The listing below has to be output exactly as given, less its pictures.

··· Dataset section ···

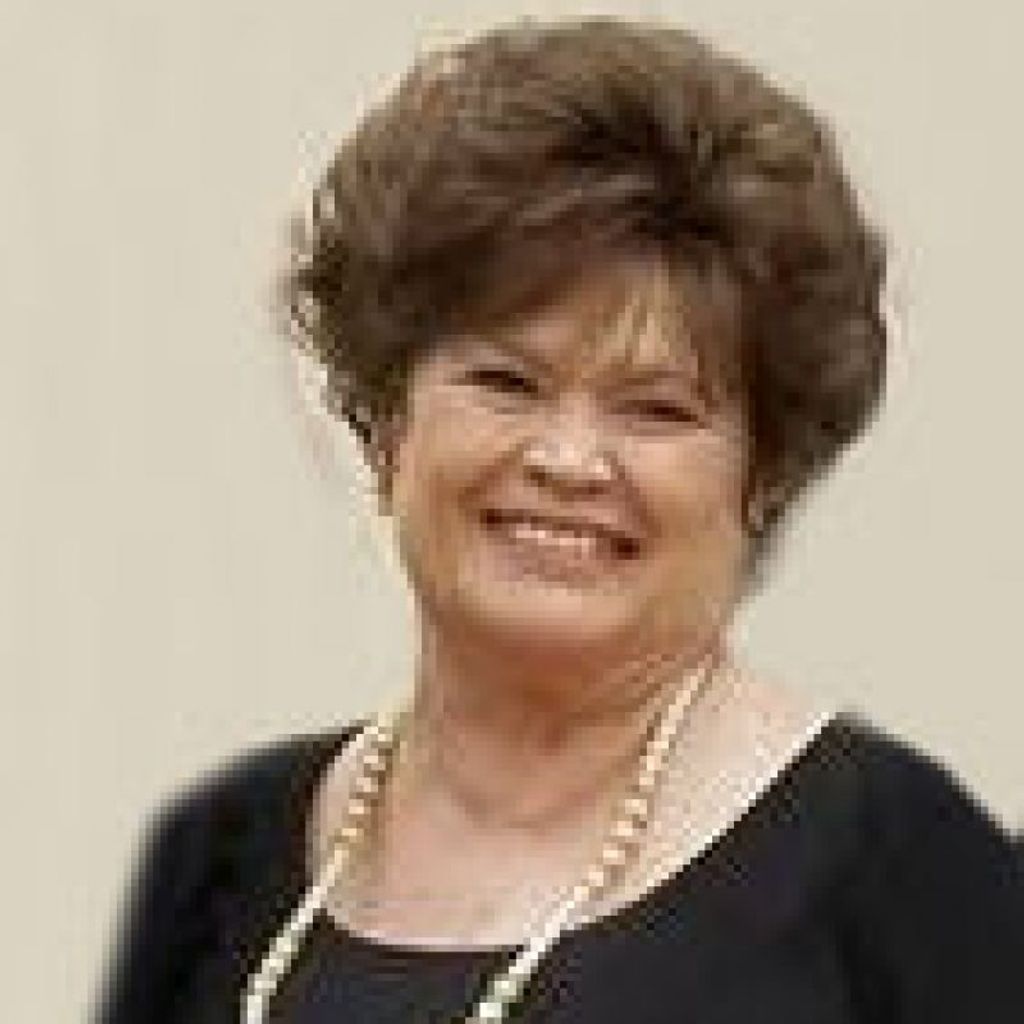Sondra  Lee Francom Farris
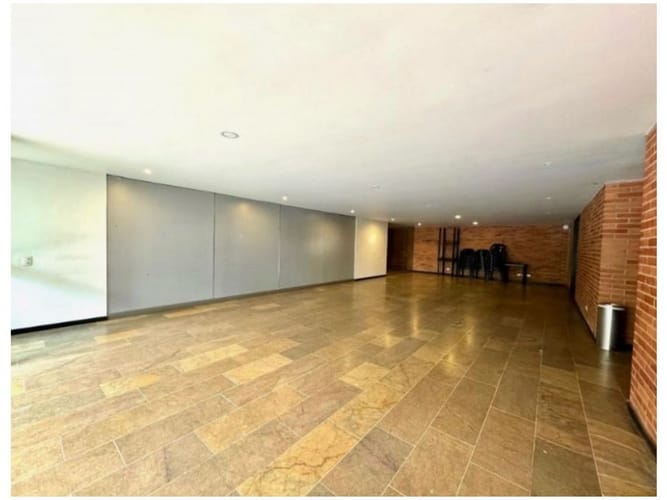 Apartamento de 3 alcobas en venta en El Tesoro, Medellín, 145 m² · foto 15 de 16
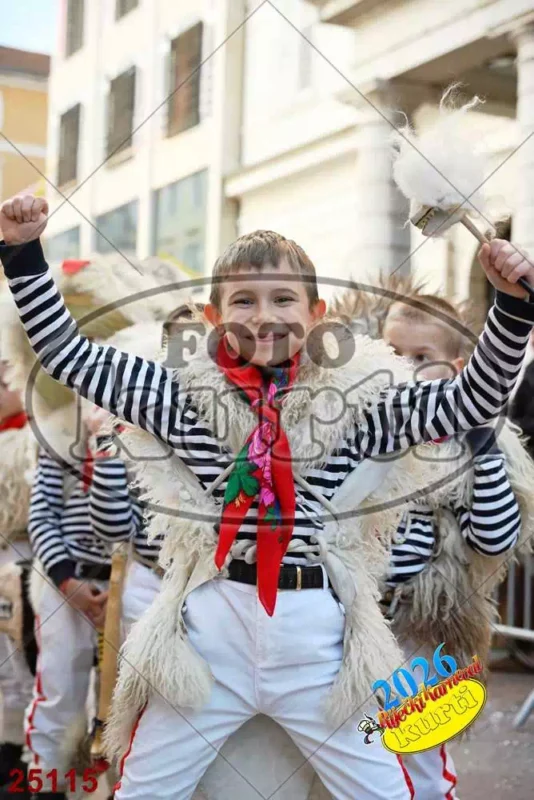 71. Halubajski zvončari 1 - FotoKurti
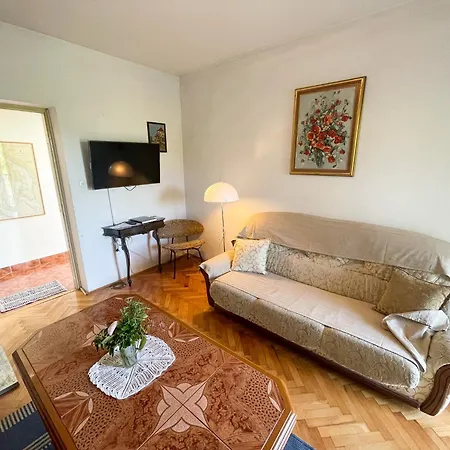 Apartment In 41875 Jadranovo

···

> Solution below:
Sondra  Lee Francom Farris
 Apartamento de 3 alcobas en venta en El Tesoro, Medellín, 145 m² · foto 15 de 16
 71. Halubajski zvončari 1 - FotoKurti
 Apartment In 41875 Jadranovo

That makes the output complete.